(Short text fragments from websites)

◆ ◆ ◆ ◆ ◆

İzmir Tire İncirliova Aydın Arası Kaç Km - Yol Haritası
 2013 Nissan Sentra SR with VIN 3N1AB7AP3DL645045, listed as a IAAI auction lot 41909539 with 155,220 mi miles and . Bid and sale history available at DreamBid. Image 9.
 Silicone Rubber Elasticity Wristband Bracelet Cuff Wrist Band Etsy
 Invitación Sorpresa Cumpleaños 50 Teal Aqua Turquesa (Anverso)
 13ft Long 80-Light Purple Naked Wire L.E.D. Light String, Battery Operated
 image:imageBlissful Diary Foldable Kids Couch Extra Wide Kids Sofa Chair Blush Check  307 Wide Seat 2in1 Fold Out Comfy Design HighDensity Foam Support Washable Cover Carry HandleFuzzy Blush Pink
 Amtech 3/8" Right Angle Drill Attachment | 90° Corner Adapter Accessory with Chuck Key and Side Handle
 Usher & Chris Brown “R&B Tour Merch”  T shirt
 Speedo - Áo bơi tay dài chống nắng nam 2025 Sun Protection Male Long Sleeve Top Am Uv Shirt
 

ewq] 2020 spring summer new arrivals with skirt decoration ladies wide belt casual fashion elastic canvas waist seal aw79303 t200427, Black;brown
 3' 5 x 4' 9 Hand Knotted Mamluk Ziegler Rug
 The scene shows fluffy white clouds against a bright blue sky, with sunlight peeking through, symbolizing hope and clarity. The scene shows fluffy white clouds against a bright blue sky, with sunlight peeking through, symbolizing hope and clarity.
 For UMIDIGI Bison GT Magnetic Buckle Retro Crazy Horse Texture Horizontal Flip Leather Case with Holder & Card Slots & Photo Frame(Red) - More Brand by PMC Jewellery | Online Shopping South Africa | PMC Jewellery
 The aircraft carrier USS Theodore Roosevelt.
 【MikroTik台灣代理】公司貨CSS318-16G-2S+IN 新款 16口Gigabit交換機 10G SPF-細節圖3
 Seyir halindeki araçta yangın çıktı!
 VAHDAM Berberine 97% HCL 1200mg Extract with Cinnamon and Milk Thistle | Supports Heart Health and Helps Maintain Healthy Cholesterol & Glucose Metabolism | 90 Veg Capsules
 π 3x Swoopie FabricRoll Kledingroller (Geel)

◆ ◆ ◆ ◆ ◆

Task objective —
Please output only the lines from the one holding "Seyir halindeki araçta yangın çıktı!" to the end of the records, first and last included, exactly as they appear.

Answer space —
 Seyir halindeki araçta yangın çıktı!
 VAHDAM Berberine 97% HCL 1200mg Extract with Cinnamon and Milk Thistle | Supports Heart Health and Helps Maintain Healthy Cholesterol & Glucose Metabolism | 90 Veg Capsules
 π 3x Swoopie FabricRoll Kledingroller (Geel)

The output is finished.